La moglie propone appello. La Corte di Appello di Palermo rigetta il gravame affermando che il divieto di compensazione dei crediti alimentari non poteva trovare accoglimento in quanto il credito oggetto del titolo esecutivo non aveva natura strettamente alimentare o, perlomeno, non era stata offerta nessuna prova in merito a quanto, quel credito, riguardasse gli alimenti per i figli.
Si arriva così in Corte di Cassazione. Gli Ermellini, con sentenza n. 9686 del 26.05.2020, affermano che il ricorso, oltre ad essere in parte inammissibile, risulta infondato.

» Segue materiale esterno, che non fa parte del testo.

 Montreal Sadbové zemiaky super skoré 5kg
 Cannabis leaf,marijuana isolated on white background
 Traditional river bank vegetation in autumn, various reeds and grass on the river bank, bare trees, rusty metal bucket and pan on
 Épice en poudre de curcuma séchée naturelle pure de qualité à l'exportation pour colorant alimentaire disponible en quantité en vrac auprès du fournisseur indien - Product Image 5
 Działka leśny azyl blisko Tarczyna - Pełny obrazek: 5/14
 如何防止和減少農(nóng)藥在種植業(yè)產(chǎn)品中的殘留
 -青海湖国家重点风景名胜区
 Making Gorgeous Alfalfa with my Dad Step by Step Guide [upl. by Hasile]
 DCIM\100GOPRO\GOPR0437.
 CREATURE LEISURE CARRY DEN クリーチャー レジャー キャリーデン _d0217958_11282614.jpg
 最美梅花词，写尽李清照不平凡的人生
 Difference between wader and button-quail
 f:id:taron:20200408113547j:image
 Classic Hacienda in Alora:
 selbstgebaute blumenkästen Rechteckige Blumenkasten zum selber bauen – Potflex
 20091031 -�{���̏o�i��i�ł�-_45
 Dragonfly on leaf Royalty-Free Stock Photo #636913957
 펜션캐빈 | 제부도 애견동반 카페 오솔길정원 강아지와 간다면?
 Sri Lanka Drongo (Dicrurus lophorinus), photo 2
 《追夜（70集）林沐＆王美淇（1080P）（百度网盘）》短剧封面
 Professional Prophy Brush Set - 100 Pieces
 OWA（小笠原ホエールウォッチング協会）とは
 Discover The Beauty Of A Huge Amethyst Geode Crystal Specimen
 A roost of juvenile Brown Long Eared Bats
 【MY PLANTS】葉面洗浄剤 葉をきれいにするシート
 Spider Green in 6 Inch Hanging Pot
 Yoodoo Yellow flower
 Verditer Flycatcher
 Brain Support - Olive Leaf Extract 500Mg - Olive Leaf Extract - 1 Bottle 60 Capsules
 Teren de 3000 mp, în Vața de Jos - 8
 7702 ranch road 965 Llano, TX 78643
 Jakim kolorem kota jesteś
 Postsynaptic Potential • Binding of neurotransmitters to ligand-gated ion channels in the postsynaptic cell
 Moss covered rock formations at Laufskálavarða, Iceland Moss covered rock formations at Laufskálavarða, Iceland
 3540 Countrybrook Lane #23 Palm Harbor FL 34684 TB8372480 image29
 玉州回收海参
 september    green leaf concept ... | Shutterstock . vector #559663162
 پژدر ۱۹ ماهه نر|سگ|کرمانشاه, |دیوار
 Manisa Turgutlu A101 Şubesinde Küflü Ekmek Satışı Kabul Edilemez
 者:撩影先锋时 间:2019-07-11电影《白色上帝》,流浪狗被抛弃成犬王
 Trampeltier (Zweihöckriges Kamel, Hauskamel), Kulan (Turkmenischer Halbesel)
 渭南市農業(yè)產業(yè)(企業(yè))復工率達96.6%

In particolare, la Corte ribadisce che, secondo la giurisprudenza di legittimità, «il credito relativo al mantenimento dei figli, anche maggiorenni, se ancora economicamente non indipendenti, è propriamente alimentare». Si tratta di un «credito che presuppone uno stato di bisogno strutturale perché riferito a soggetti carenti di autonomia economica e, come tali, titolari di un diritto di sostentamento conformato dall’ordinamento con riguardo alla complessiva formazione della persona».
Ne consegue, chiarisce la Corte, che “la ragione creditoria è indisponibile e impignorabile se non per crediti parimenti alimentari e, di conseguenza, non compensabili”.
Tuttavia, la medesima cosa non può dirsi per il credito a titolo di mantenimento del coniuge che non ha pari struttura e che trova la sua fonte legale nel diritto all’assistenza materiale inerente al vincolo coniugale e non nell’incapacità della persona che versa in stato di bisogno.
Al debitore esecutato, quindi, è consentito opporre in compensazione al creditore esecutante un controcredito, purché certo e, laddove ancora illiquido, di importo superiore al credito azionato esecutivamente.
La Suprema Corte, quindi, rigetta il ricorso dell’ex moglie: “al credito per mantenimento del coniuge azionato esecutivamente non possa in alcun caso opporsi in compensazione, ex art. 615 c.p.c., un controcredito certo e illiquido ma di pronta liquidazione”.